#### Task description:
Images do not belong in the copy; retype the rest of the entries below exactly.

### Information shown

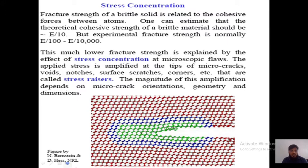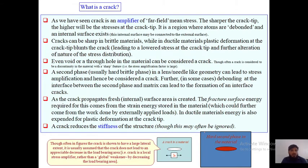To understand how stress concentration happens, we must study what is a crack. A crack is an amplifier — sharper the crack tip, the higher the stress. It is a region where atoms are de-bonded and internal surfaces exist. This internal surface may be connected to the external surface — one side is a void, the other side is material. Because of that, cohesive forces at the edge will be more, leading to increased stress at that point compared to the surface where there is no cohesive force.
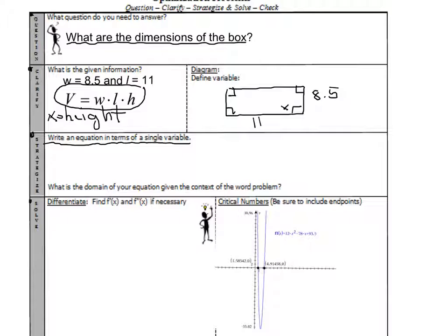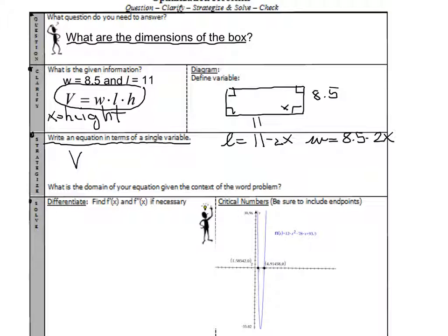So how can I write this in terms of one variable? Looking at the length — the length of my piece of paper was 11, but I'm cutting out two pieces each of length x, so it would be 11 minus 2x. For the width, it's the same idea: the width is 8½ inches, but again I'm cutting out two squares, so it's 8½ minus 2x. So the equation is: V = x · (11 − 2x) · (8½ − 2x), where x is the height, 11 − 2x is the length, and 8½ − 2x is the width.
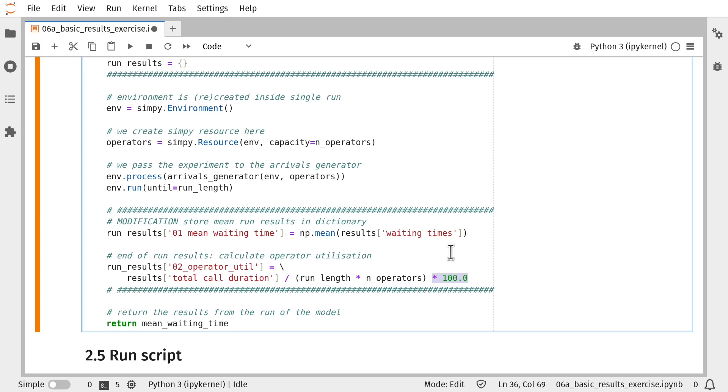Note that a small caveat to this is we're missing a slight bit of time at the end of the simulation run where there are calls in service that have not yet completed. So if that's important to you, you'd need to tweak your code slightly. And then finally, at the end of the function, we return the results dictionary.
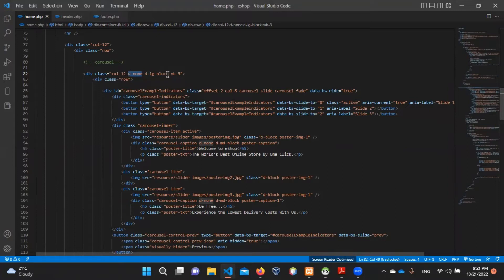If you have a DLG block, you can see the large screen. You can view the website.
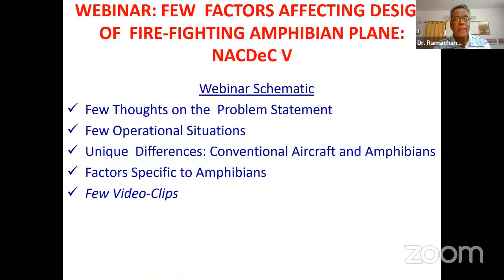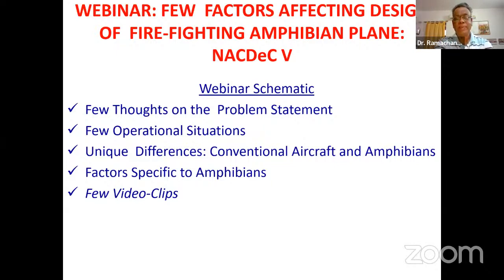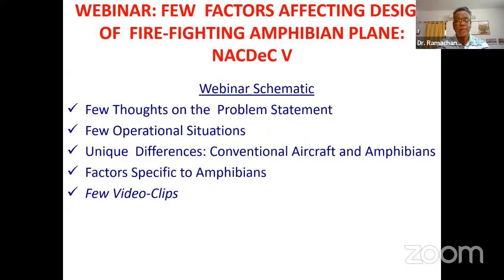The material has been sourced from the monograph of NDRF on seaplanes, and we have also drawn some material from open literature and Google. This is the schematic of today's 50-60 minutes of presentation. I'm going to jump from slide to slide. I will look at a few thoughts on the problem statement, witness a few operational situations, discuss unique differences between commercial aircraft and amphibian aircraft, and there are a few video clips at the end to highlight possible consequences of bad design.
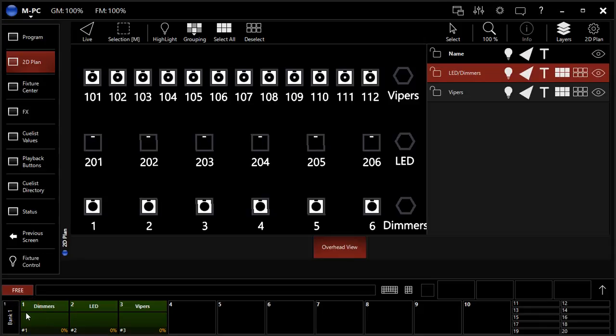Hey everybody, it's David from LearnStageLighting.com, and in this video I want to show you guys how to use the effects engine in the Martin M-Series console software and MPC PC software.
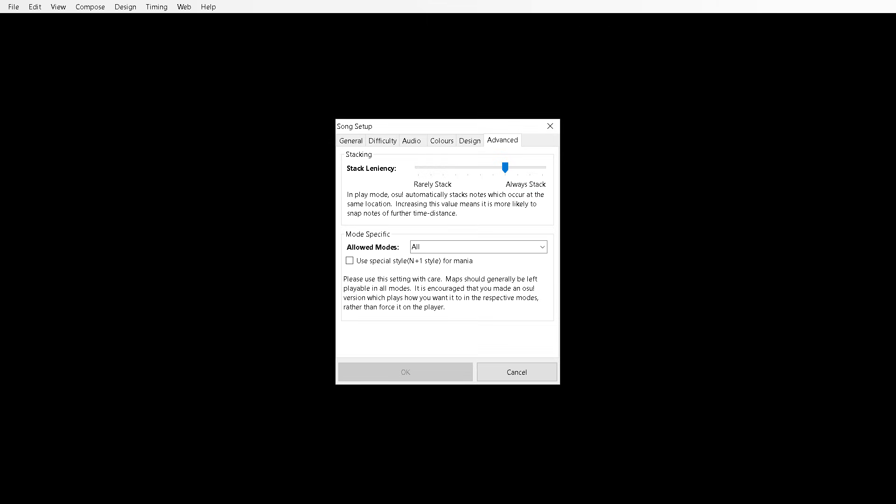And now mode specific. If you are making the regular OSU mode map, then just have it on all. But if you are making a mode specific for mania or catch, obviously select the mode for that.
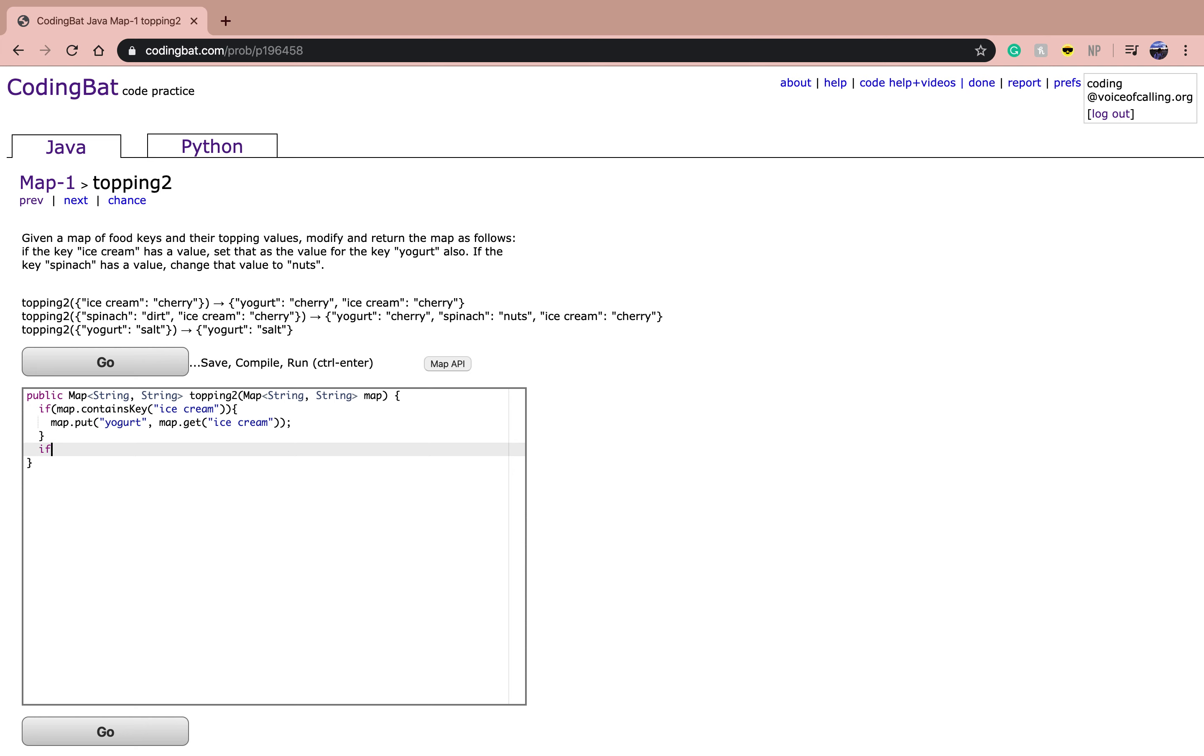And if the map contains the value or the key spinach, then you're going to change its value to nuts.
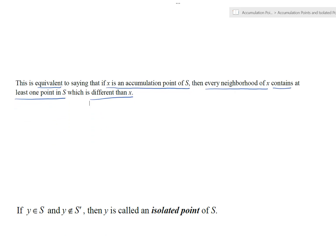Now, if it happens that we have some element in S, but that element is not part of the set of accumulation points for S — so it's not in S prime — then what we say is it's an isolated point of S.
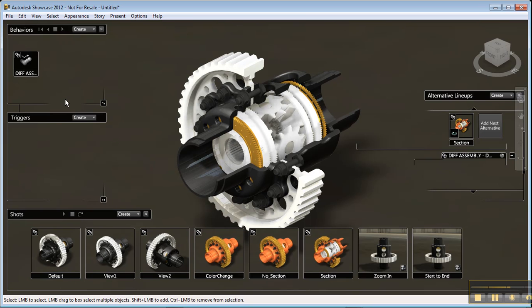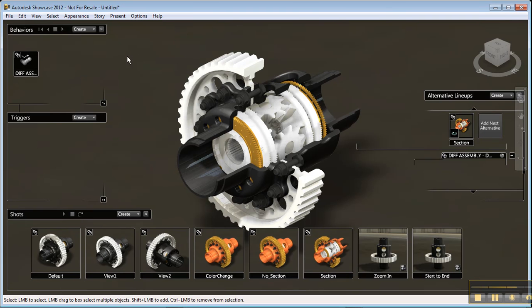So as a new user, you really don't have to do much. All you have to do is bring the model in, start playing with some of the functionality, and you can start creating a nice visualization tool for marketing, or for whatever part of the company that needs some use of your engineering models. That's how a new Inventor user can get started.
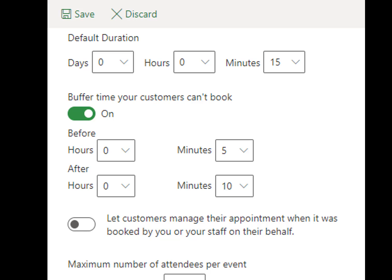Scroll down to default duration and set the minutes or hours to how long you want the meeting to last. Set the buffer time to greater than zero only if you want to add time between meetings. Keep in mind that the time intervals set on your business information section factor into this. For example, if your time slots are set to 30 minutes and you have a 30-minute meeting with five minutes afterwards, someone can book at 9 a.m., but the next person won't be able to book until 10 a.m. because of the 30-minute interval.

######

#### Result of the task:
To understand how stress concentration happens, we must study what is a crack. A crack is an amplifier — sharper the crack tip, the higher the stress. It is a region where atoms are de-bonded and internal surfaces exist. This internal surface may be connected to the external surface — one side is a void, the other side is material. Because of that, cohesive forces at the edge will be more, leading to increased stress at that point compared to the surface where there is no cohesive force.
So how can I write this in terms of one variable? Looking at the length — the length of my piece of paper was 11, but I'm cutting out two pieces each of length x, so it would be 11 minus 2x. For the width, it's the same idea: the width is 8½ inches, but again I'm cutting out two squares, so it's 8½ minus 2x. So the equation is: V = x · (11 − 2x) · (8½ − 2x), where x is the height, 11 − 2x is the length, and 8½ − 2x is the width.
Note that a small caveat to this is we're missing a slight bit of time at the end of the simulation run where there are calls in service that have not yet completed. So if that's important to you, you'd need to tweak your code slightly. And then finally, at the end of the function, we return the results dictionary.
If you have a DLG block, you can see the large screen. You can view the website.
The material has been sourced from the monograph of NDRF on seaplanes, and we have also drawn some material from open literature and Google. This is the schematic of today's 50-60 minutes of presentation. I'm going to jump from slide to slide. I will look at a few thoughts on the problem statement, witness a few operational situations, discuss unique differences between commercial aircraft and amphibian aircraft, and there are a few video clips at the end to highlight possible consequences of bad design.
Hey everybody, it's David from LearnStageLighting.com, and in this video I want to show you guys how to use the effects engine in the Martin M-Series console software and MPC PC software.
And now mode specific. If you are making the regular OSU mode map, then just have it on all. But if you are making a mode specific for mania or catch, obviously select the mode for that.
And if the map contains the value or the key spinach, then you're going to change its value to nuts.
Now, if it happens that we have some element in S, but that element is not part of the set of accumulation points for S — so it's not in S prime — then what we say is it's an isolated point of S.
So as a new user, you really don't have to do much. All you have to do is bring the model in, start playing with some of the functionality, and you can start creating a nice visualization tool for marketing, or for whatever part of the company that needs some use of your engineering models. That's how a new Inventor user can get started.
Scroll down to default duration and set the minutes or hours to how long you want the meeting to last. Set the buffer time to greater than zero only if you want to add time between meetings. Keep in mind that the time intervals set on your business information section factor into this. For example, if your time slots are set to 30 minutes and you have a 30-minute meeting with five minutes afterwards, someone can book at 9 a.m., but the next person won't be able to book until 10 a.m. because of the 30-minute interval.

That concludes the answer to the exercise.